I'm currently working on a vision system for a UAV I am building. The goal of the system is to find target objects, which are rather well defined (see below), in a video stream that will be a 2-D flyover view of the ground. So far I have tried training and using a Haar-like feature based cascade, a la Viola Jones, to do the detection. I am training it with 5000+ images of the targets at different angles (perspective shifts) and ranges (sizes in the frame), but only 1900 "background" images. This does not yield good results at all, as I cannot find a suitable number of stages to the cascade that balances few false positives with few false negatives.
I am looking for advice from anyone who has experience in this area, as to whether I should: 1) ditch the cascade, in favor of something more suitable to objects defined by their outline and color (which I've read the VJ cascade is not). 2) improve my training set for the cascade, either by adding positives, background frames, organizing/shooting them better, etc. 3) Some other approach I can't fathom currently.
A description of the targets:
- Primary shapes: triangles, squares, circles, ellipses, etc.
- Distinct, solid, primary (or close to) colors.
- Smallest dimension between two and eight feet (big enough to be seen easily from a couple hundred feet AGL
- Large, single alphanumeric in the center of the object, with its own distinct, solid, primary or almost primary color.

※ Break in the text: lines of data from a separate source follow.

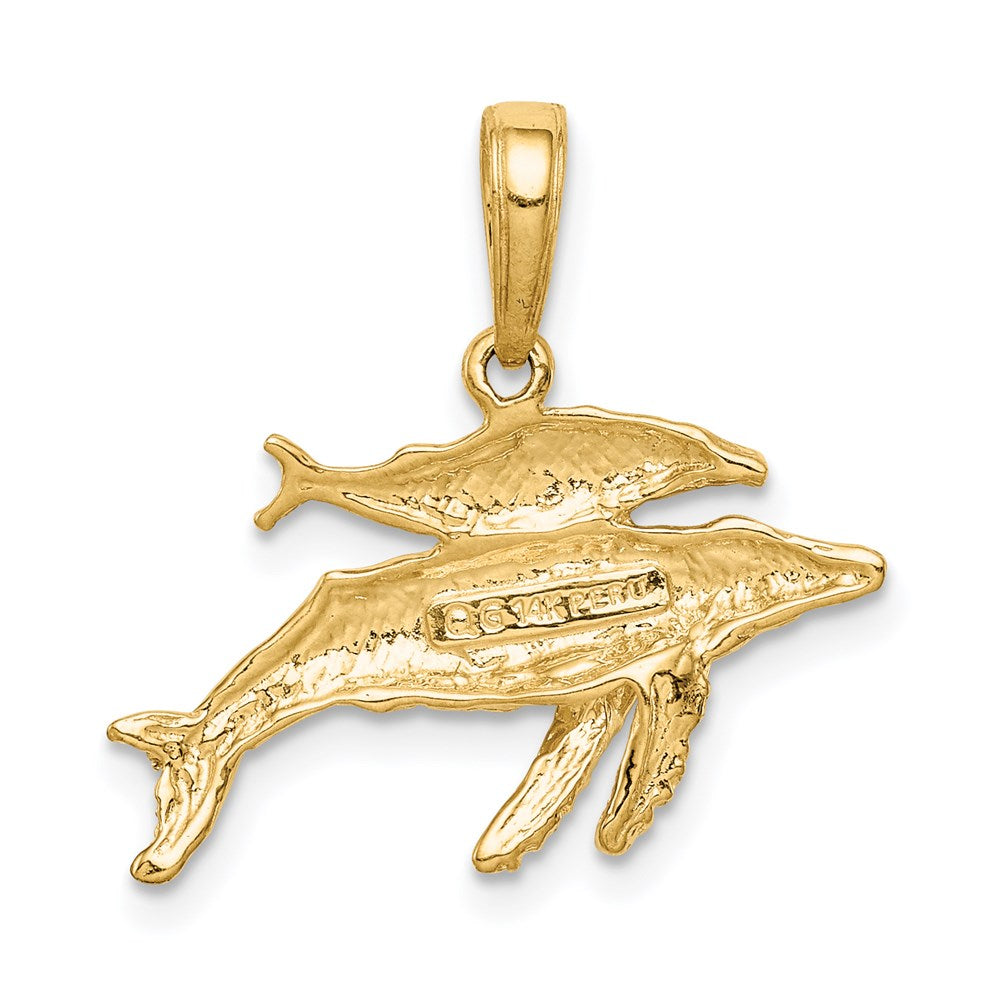 14k Yellow Gold Mother and Baby Humpback Whale Pendant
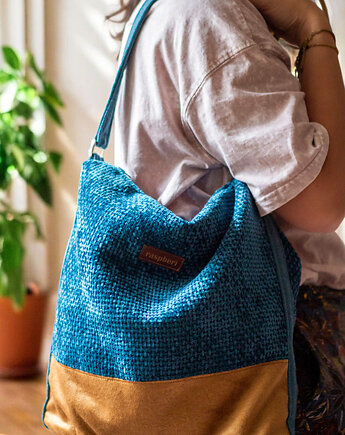 Turkusowo-miodowa boho bag z weluru, raspberi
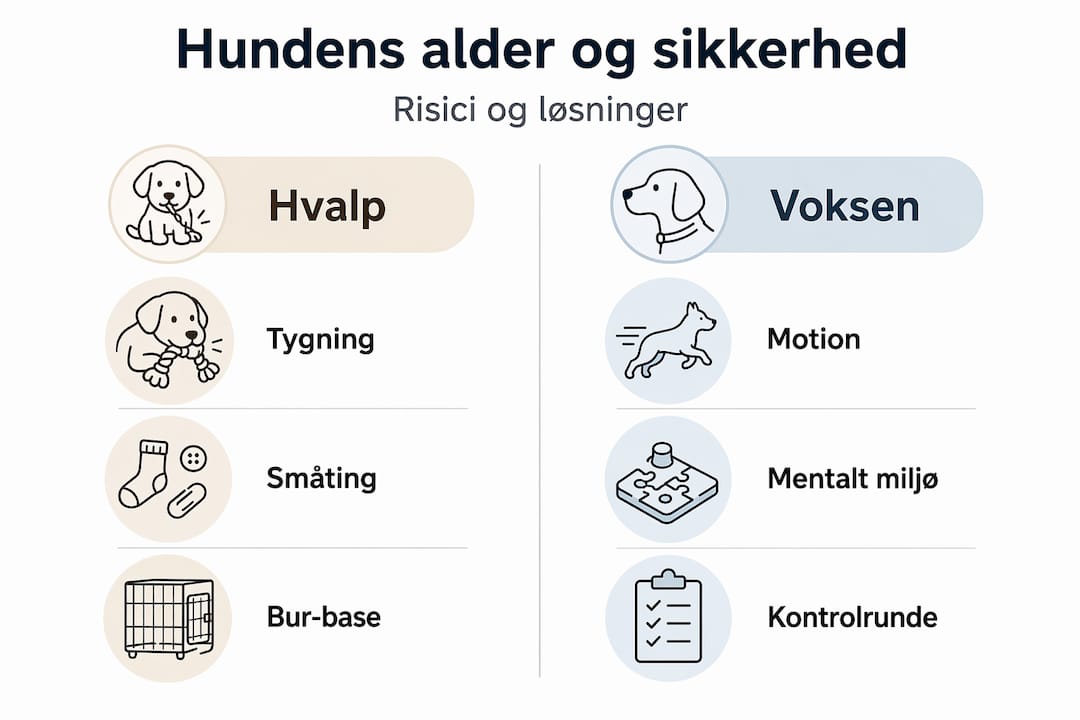 En infografik viser forskellene på, hvordan man bedst passer på hvalpe og voksne hunde.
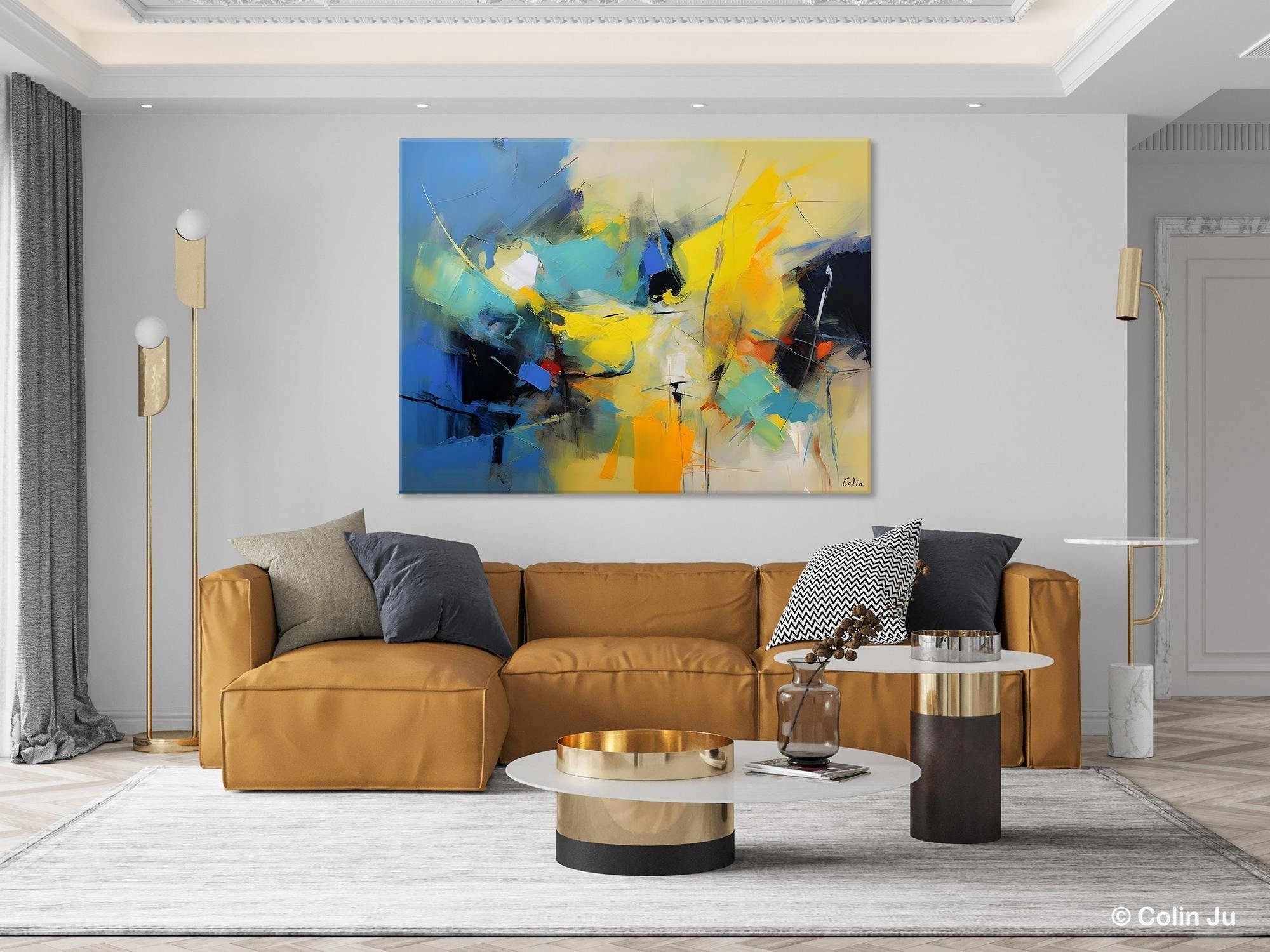 Hand Painted Canvas Art, Contemporary Acrylic Art, Oversized Canvas Paintings, Original Abstract Art, Huge Wall Art Ideas for Living Room-Art Painting Canvas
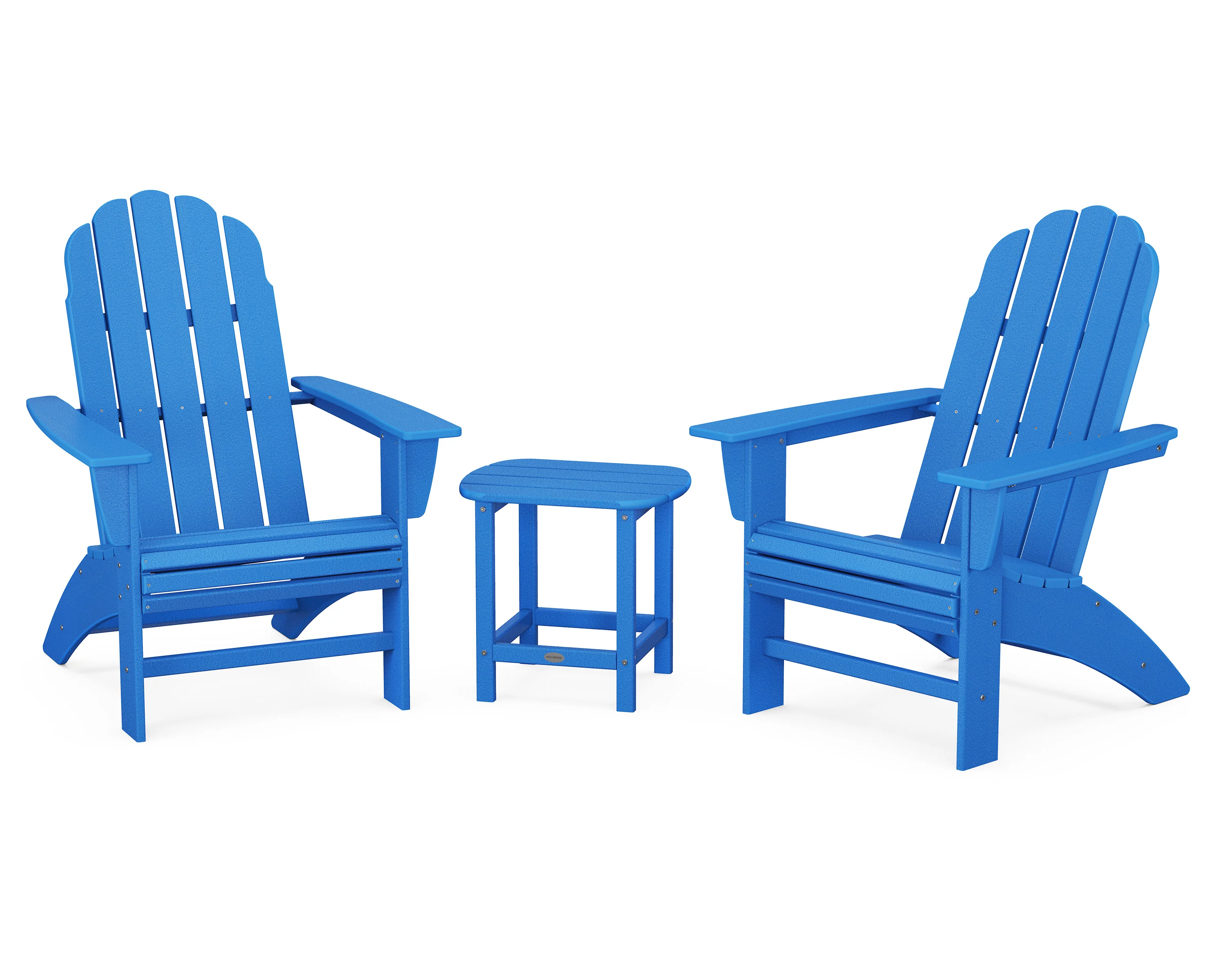 Vineyard 3-Piece Curveback Adirondack Set with South Beach 18" Side Table - Image 17
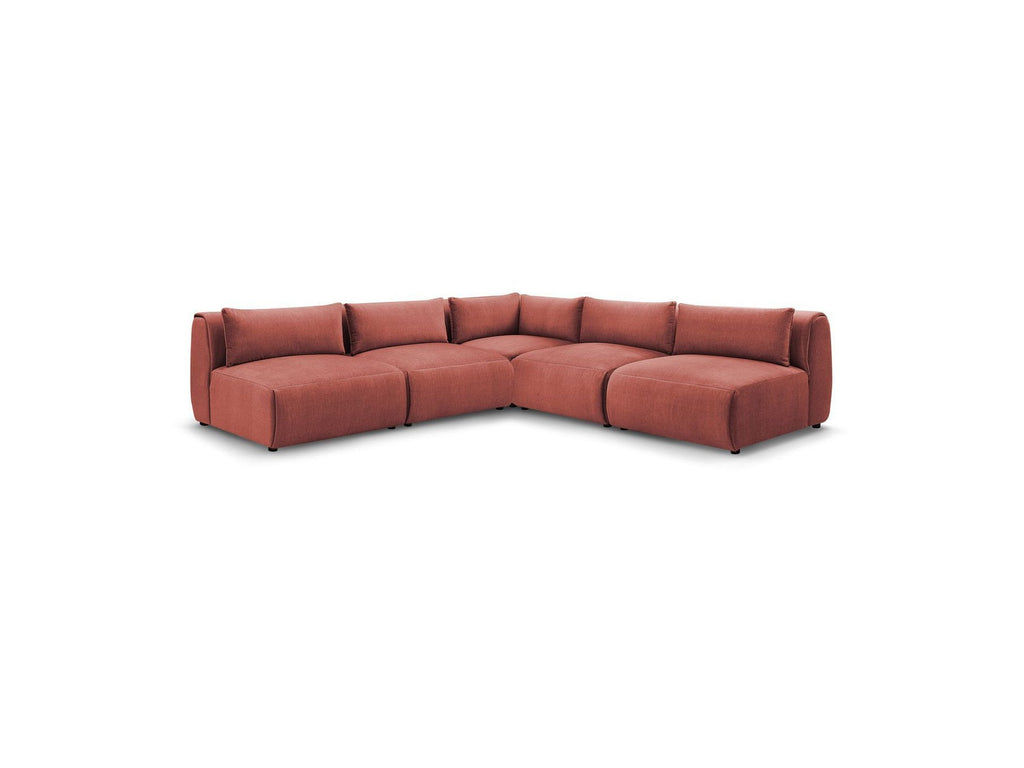 Jeanne - Modular Fixed Corner Sofa - Velvet Fabric with 4 Armless Chairs and 1 Corner Unit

My goal is use something very fast, such as the VJ cascade, to find possible objects and their associated bounding box, and then pass these on to finer processing routines to determine the properties (color of the object and AN, value of the AN, actual shape, and GPS location). Any advice you can give me towards completing this goal would be much appreciated. The source code I currently have is a little lengthy for post here, but is freely available should you like to see it for reference. Thanks in advance!
-JB